Why everyone lives in the shadow of the crucifixion is not clear, although Santiago's second body of work includes an ironic crucifixion scene. Where his portraits, which are beautifully painted in pigmented ink and acrylic on canvas, are realistic (albeit a bit romanticized), Santiago's second series owes a great debt to the early 20th-century Surrealist painter René Magritte.

Magritte repeatedly combined headless, dismembered, nude statues with landscapes, often using a blue sky with floating clouds. Santiago uses this Magritte motif in two of his paintings. In "Crucificio" ("Crucifixion"), a headless, dismembered male mannequin is nailed to a cross.

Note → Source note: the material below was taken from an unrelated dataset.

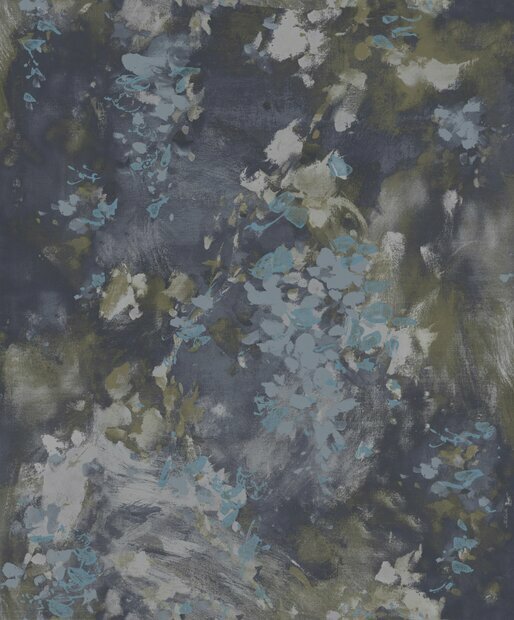 royal blue flower mist dream vlies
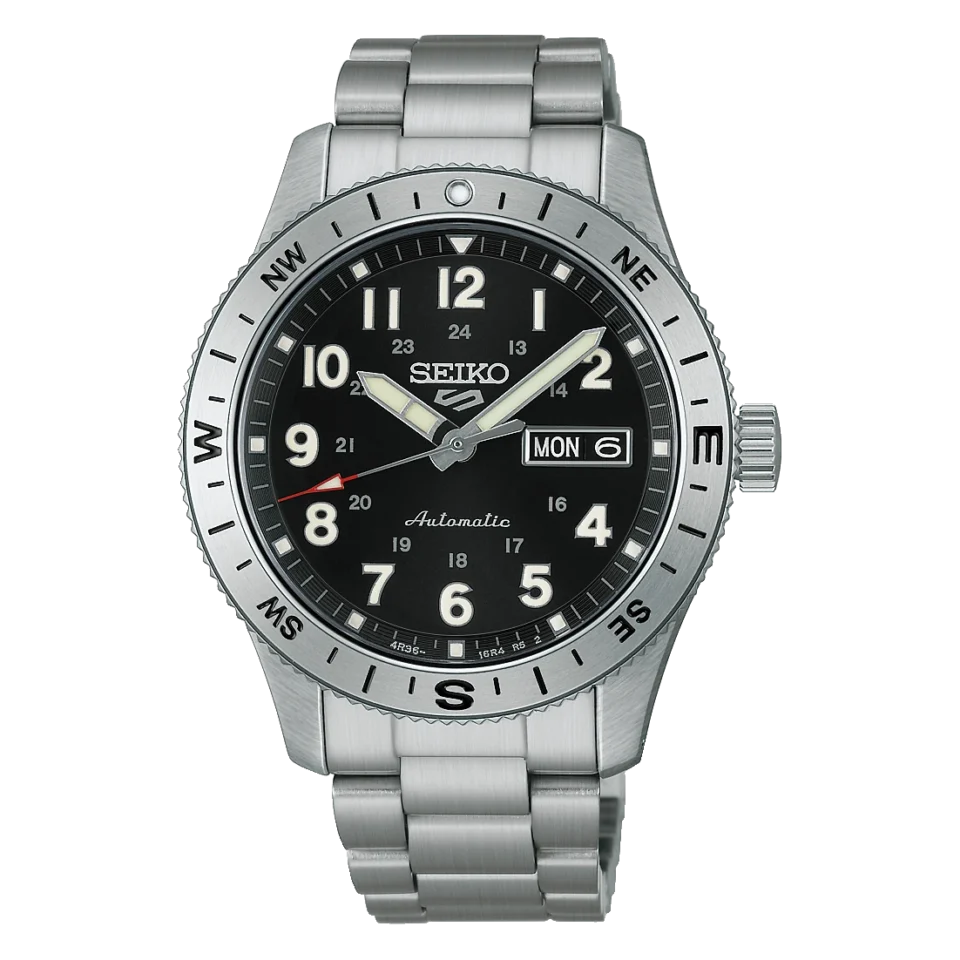 orologio uomo automatico seiko 5 sports field acciaio quadrante nero hdb006k1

In "Birth of Venus," the mannequin floating in the sky is female, and she is wearing a lacy black teddy. (The title "Birth of Venus" refers to Sandro Botticelli's classic image of the goddess Venus riding the waves on a clamshell.) Santiago has converted the ground into a black-and-white linoleum floor, but his images are too close to the Magritte originals to seem truly his own.

Even though Santiago depicts women's beauty and religion in almost all his portraits, he certainly has a sense of irony about them. After all, he's willing to set the birth of the Greek goddess of love and the death of the Christian god in a Surrealist's bizarre landscape.